Madam Speaker, I began my presentation yesterday and was interrupted, so I am happy to resume my remarks with respect to the position taken by the NDP caucus on Bill C-40, the changes to the Extradition Act.
As I pointed out yesterday, the NDP caucus has some reservations and concerns about Bill C-40, but in general we support the substance of it. Today I would like to recap some of the concerns and reservations that the NDP has about the bill.
First, we are not fully comfortable that the changes to the rules of evidence will be thorough enough to satisfy our justice critic. Changes as to who may or may not be excluded from testifying is also of some concern. We are concerned, as well, about the lack of clarity with respect to extradition to countries where the death penalty still exists.

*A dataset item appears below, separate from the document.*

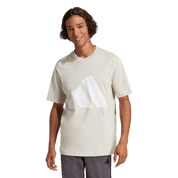 Adidas Big Logo Cotton T-Shirt Cream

This is the primary reservation the NDP caucus has about Bill C-40. We wish the language was much more clear and thorough in dealing with this controversial subject. The Canadian people have stated time and again that they do not believe in the death penalty. They think it is barbaric. They would like to believe that we are farther out of the trees than that. It should be made very, very clear that in the case of extraditing criminals to a country where the death penalty exists, we do not want to be a party to that. The NDP caucus is not entirely comfortable with that wording.

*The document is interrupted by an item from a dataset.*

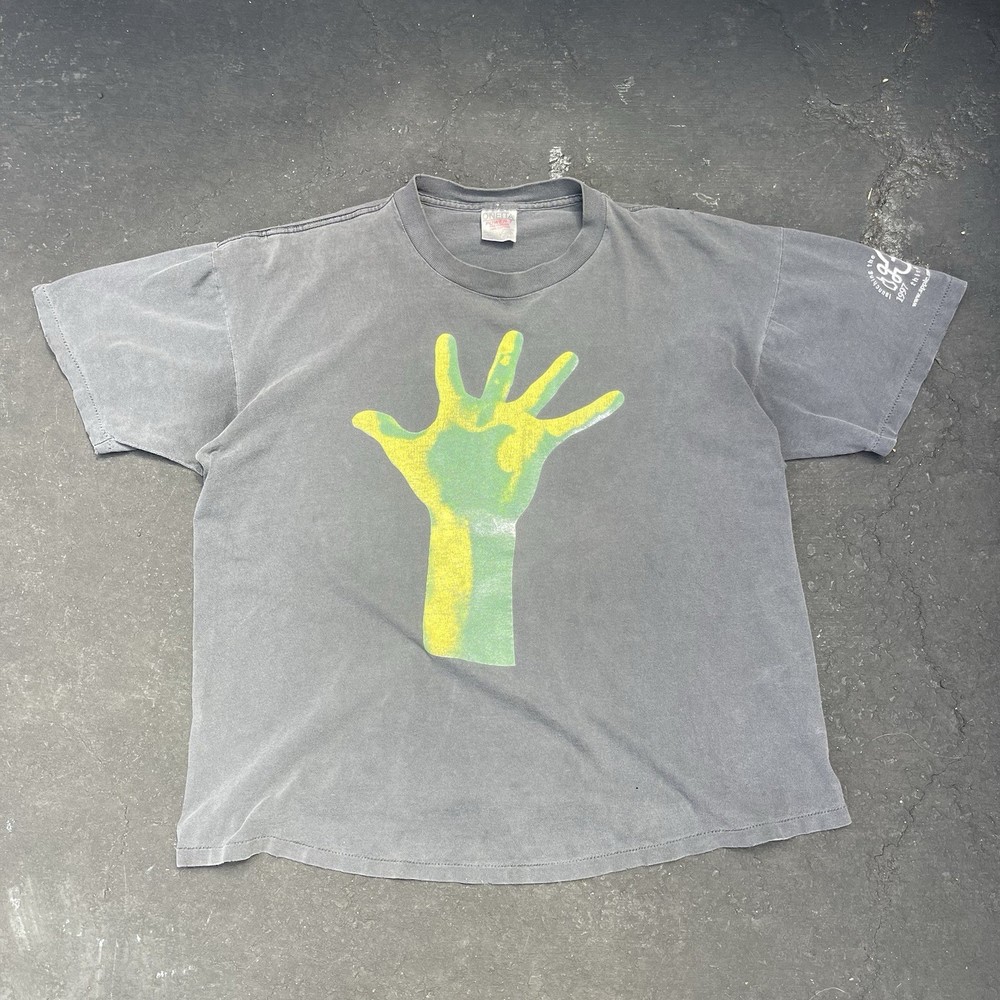 Vintage 1997 Faded Apple Macworld Expo Hand Tee Size XL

I do not think we even need to review all of the current examples of people who were convicted of serious crimes and who were later found to be innocent. If we lived in a country which had the death penalty, it could be that certain people would have been executed when, given the fullness of time, they would have been found to have been innocent.

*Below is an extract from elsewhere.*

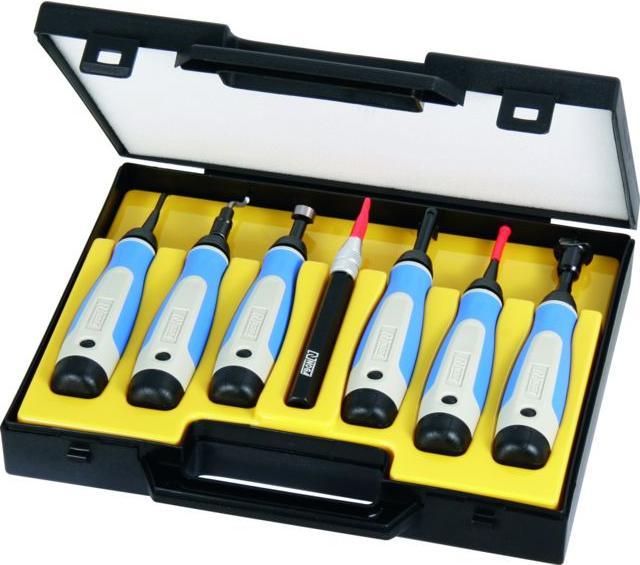 Produktbild Noga Allround-Entgrater / Schaber-Sortiment (7 Halter mit Klingen), in Kunststoffbox 16-teilig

We are also very critical of places where this has happened. In the United States a fairly recent example was a man by the name of Caryl Chessman. He was executed in New York state. Later he was found to be fully innocent. He went to the electric chair and he had done absolutely nothing wrong.
Even further along these lines is the fact that duality must be demonstrated. That is, the crime for which we are extraditing a person to another country must also be considered a crime here. That is pretty plain and simple. The crime has to be considered with the same severity in this country as it is in the country we are extraditing someone to.
Should not the same apply to forms of punishment? It is not just the death penalty we are critical of, we are also very critical of countries that use cruel and inhumane punishment as part of their sentencing, whether it is torture, mutilation or anything else.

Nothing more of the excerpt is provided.